May 30, 20269 min read
Die Cutting of Tapes: Die-Cut Parts by Tape Construction

Engineers and buyers specifying technical die-cut tape parts need to start from one question: what tape construction does the application require? The die cutting process is the same across tapes, but each construction — single-coated, adhesive transfer, double-coated, foam and VHB, polyimide, conductive — behaves differently on the press and serves a different function in the assembly. This guide is organized by tape construction: what each one is, what die-cut parts it produces, the converting challenges specific to it, and the tolerances you can expect.

What "Die Cutting of Tapes" Means

Die cutting of tapes is the converting of pressure-sensitive adhesive tape — supplied in jumbo rolls — into precision parts of a defined shape, in volume, using a shaped cutting die. The output is a ready-to-apply adhesive component: a gasket ring, a mounting pad, a perimeter frame, an insulating washer, a shielding strip — identical part to part, delivered on a liner for peel-and-place application.

Tape is not an ordinary substrate to cut. Unlike a sheet of plastic or fabric, an adhesive tape is a layered construction — adhesive, sometimes a carrier, and a silicone release liner — and the adhesive is exposed at the cut edge. That changes everything about how it converts: the adhesive can ooze under die pressure, the liner has to survive cutting without being severed when a kiss cut is required, and the waste matrix has to lift away cleanly without the tacky web tearing the parts. Successful die cutting of tapes is as much about controlling the adhesive and liner as it is about cutting the shape.

Because the converting behavior is driven by the construction, the right way to specify a die-cut tape part is to choose the construction first, then the shape. The sections below walk through each construction in the order an engineer typically evaluates them.

Why Convert Tape Into Die-Cut Parts

Buying tape on rolls and cutting it at the bench is the default — until volume makes it the bottleneck. Converting the tape into die-cut parts moves the cutting upstream to a converter with shaped tooling, and the payoff shows up across the line.

Die-cut tape parts eliminate manual cutting, removing both the per-unit labor and the dimensional scatter of operators cutting strips by hand. Every part is identical and correctly sized, so downstream assembly is faster and more repeatable. For many bonding and sealing jobs, a die-cut adhesive part also replaces mechanical fasteners — screws, rivets, clips — reducing part count, weight, and assembly steps while distributing load across the full bond area instead of point stresses. And kiss-cut delivery on a liner lets an operator peel and place one part at a time without ever touching the adhesive face, which protects the bond and speeds the cycle.

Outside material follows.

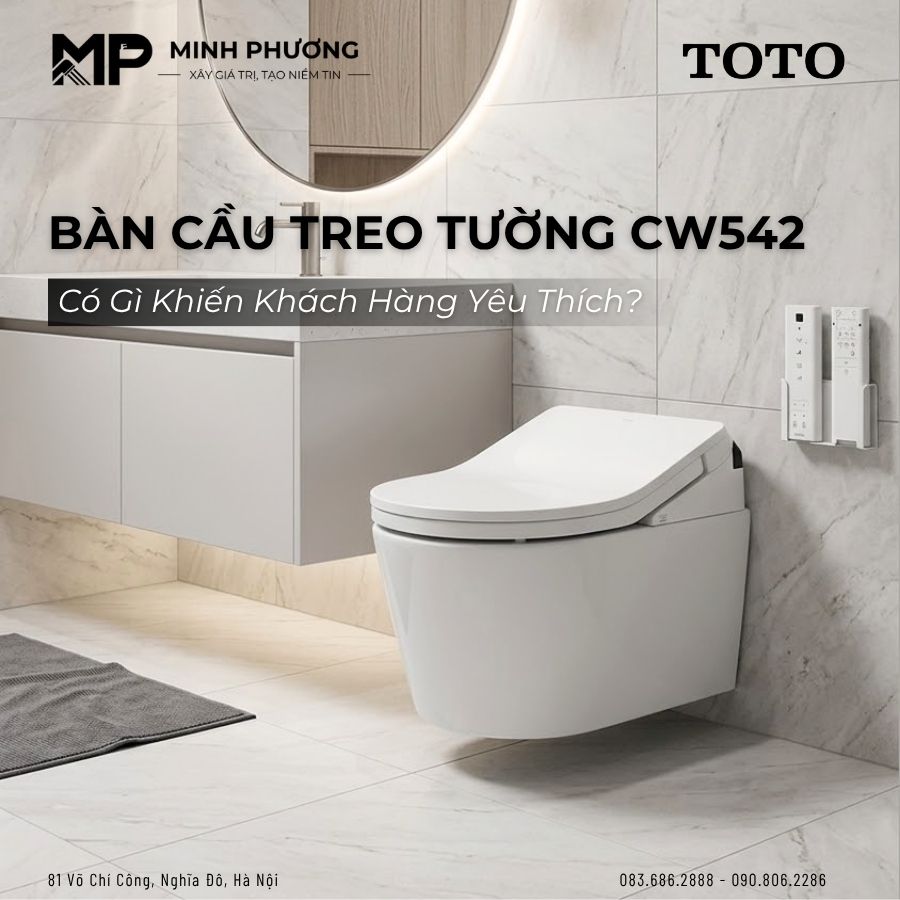 Bàn Cầu Treo Tường CW542 Có Gì Khiến Khách Hàng Tại Minh Phương Yêu Thích?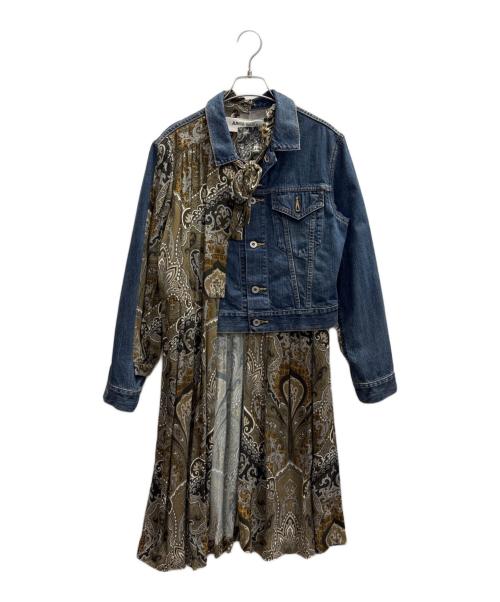 JUNYA WATANABE COMME des GARCONS（(ジュンヤワタナベ コムデギャルソン）JUNYA WATANABE COMME des GARCONS ((ジュンヤワタナベ コムデギャルソン) ペイズリーワンピースドッキングデニムジャケット インディゴ サイズ:XSの古着・服飾アイテム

Die-Cut Tape Parts by Construction Type

Every die-cut tape part starts from one of a handful of constructions. Each is defined by what is — or is not — between the adhesive faces, and that single difference determines its function, its converting behavior, and what it costs.

Cross-section diagrams of six adhesive tape constructions: single-coated, transfer, double-coated, foam/VHB, polyimide, and conductive
The six tape constructions in cross-section. What sits between the adhesive faces — backing, carrier, foam core, film, or foil — sets each one's function and how it converts.

Single-Coated Tapes

A single-coated tape has adhesive on one face and a backing — paper, film, foil, cloth — on the other. Die-cut into parts, it produces masking shapes, surface-protection discs and frames, labels, and insulating or light-blocking patches. Polyimide single-coated tape die-cut into circles and rings is a staple for masking gold contacts, connector pins, and PCB pads through high-temperature wave solder and reflow, while PET versions handle lower-temperature plating and powder-coat masking.

Single-coated tape converts cleanly because only one adhesive face is exposed and the backing gives the part dimensional stability. It is the most forgiving construction to die-cut and holds tight tolerances well.

Adhesive Transfer Tape

Adhesive transfer tape is adhesive only — a film of pressure-sensitive adhesive on a release liner, with no carrier between the two bonding faces. Die-cut, it produces ultra-thin bonding parts: laminating layers, nameplate and label mounts, membrane-to-housing bonds, and any join where added thickness or a visible bond line is unacceptable. Thicknesses run from about 1 mil (25 µm) to 5 mil (127 µm).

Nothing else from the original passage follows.